Najwspanialsza z wielkich koniunkcji
Koniunkcje Jowisza i Saturna występują co 20 lat, wydarzenie to nazywane jest „wielką koniunkcją”. W tym roku obie planety spotkają się w grudniu i będą najbliżej siebie od setek lat. Astronomowie i obserwatorzy nieba będą mogli zobaczyć dwie olbrzymie globy i ich księżyce tuż obok siebie, używając do tego prostego teleskopu lub lornetki.
Choć Jowisz i Saturn będą oddalone od siebie o ponad 600 mln km, utworzą widoczny z Ziemi świetlisty punkt na nocnym niebie.

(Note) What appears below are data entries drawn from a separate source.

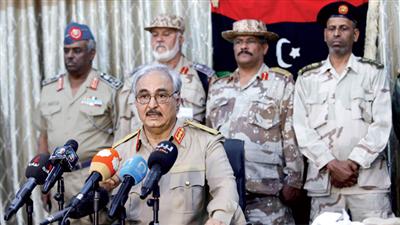 الجنرال خليفة حفتر يتحدث لعدد من وسائل الإعلام خلال مؤتمر صحافي في بنغازي ويبدو خلفه عدد من القادة العسكريين الموالين له (رويترز)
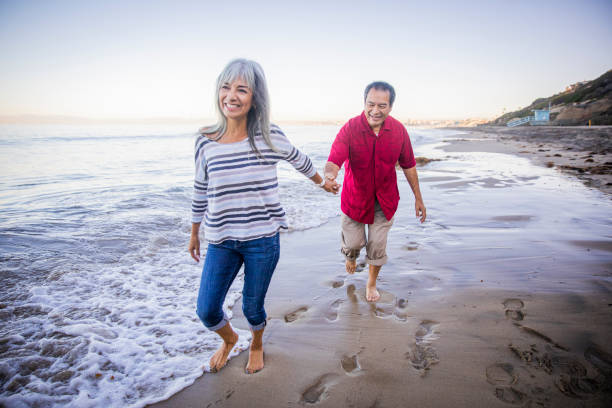 istock Senior Hispanic Couple Walking Along the Beach 1184014064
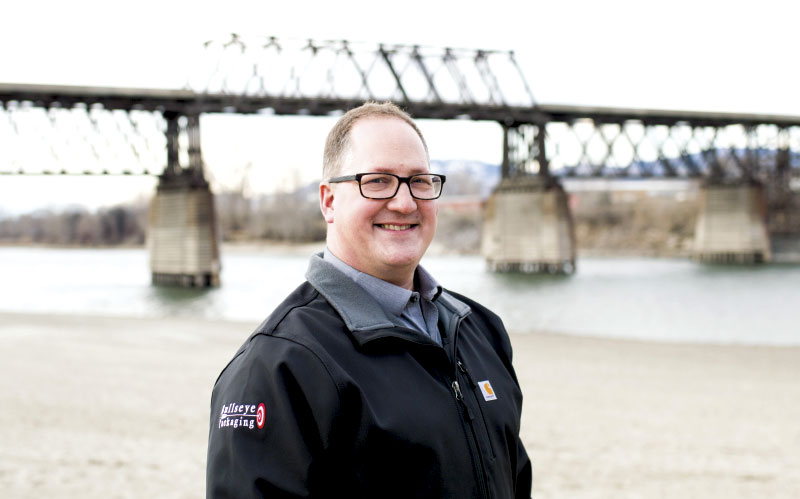 Stephen Peters in foreground, with bridge and river in background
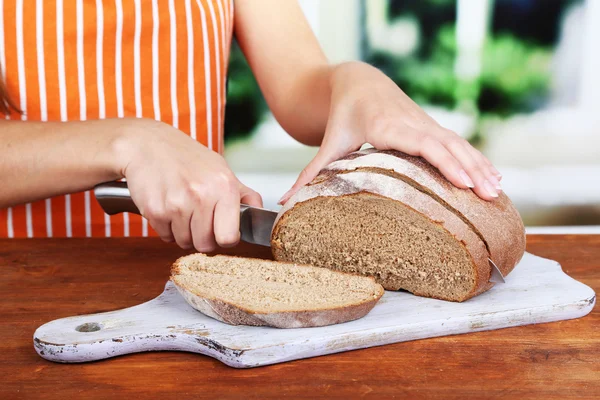 Taglio del pane su tavola di legno su tavola di legno su fondo finestra — Foto Stock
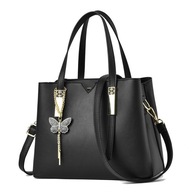 Čierna ekokožená truhlica na kabelku s motýľovou kľúčenkou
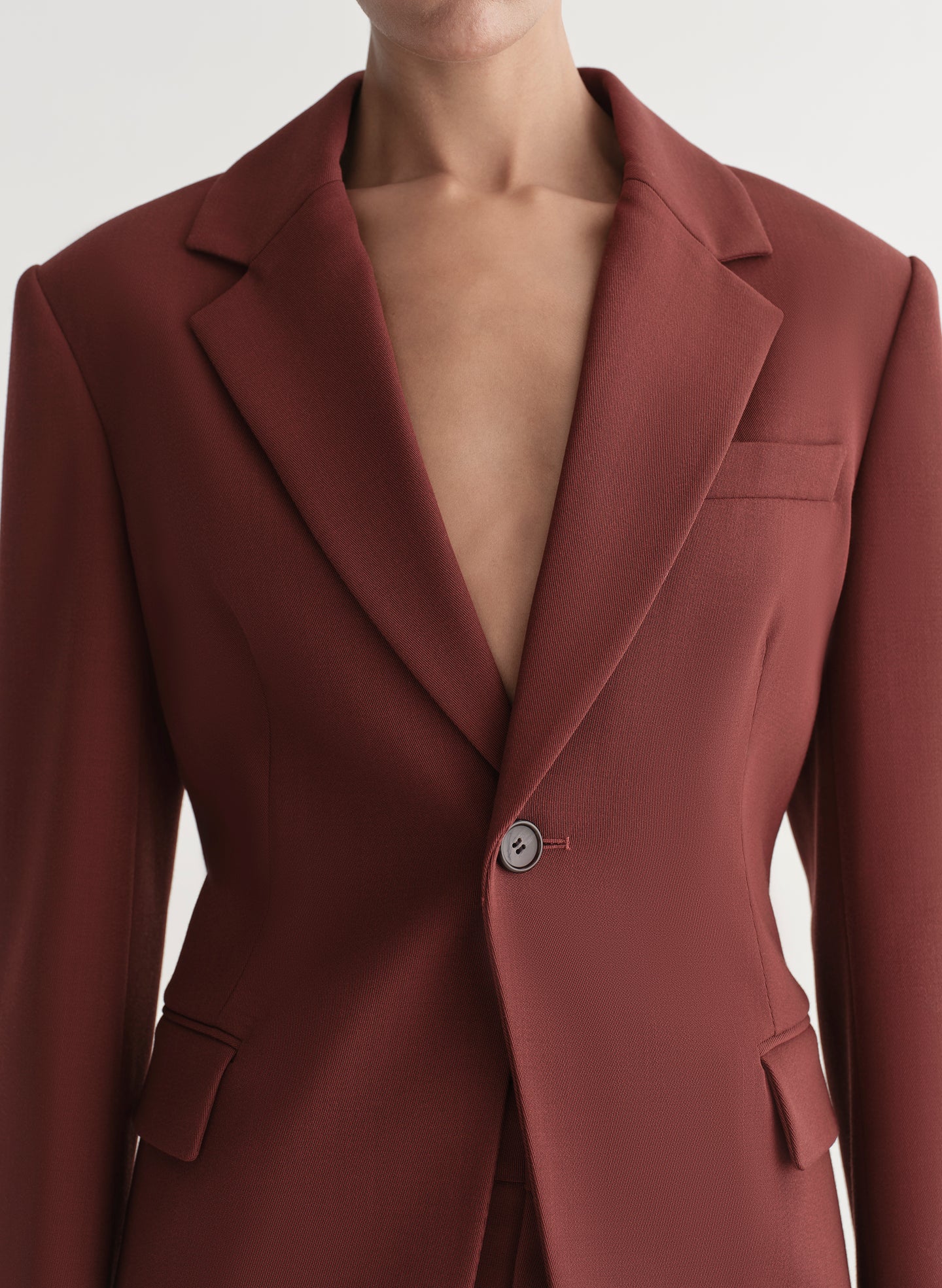 Woman wearing a maroon suit against a plain background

Koniunkcja tych planet jest jednym z naukowych wyjaśnień Biblijnych opisów, o wyjątkowo jasnej gwieździe, która towarzyszyła narodzinom Chrystusa.
Kolejna taka koniunkcja za 60 lat
– Kolejna okazja, aby zobaczyć Jowisza i Saturna tak blisko siebie, zdarzy się w 2080 r., czyli za 60 lat – zapowiada Amy C Oliver, rzeczniczka Centrum Astrofizyki Harvard-Smithsonian, w rozmowie z New York Timesem.
Oznacza to, że choć tym razem czas oczekiwania będzie krótszy niż ostatnio, to dla większości dorosłych ludzi jest to jedyna okazja w życiu, by zobaczyć takie zjawisko.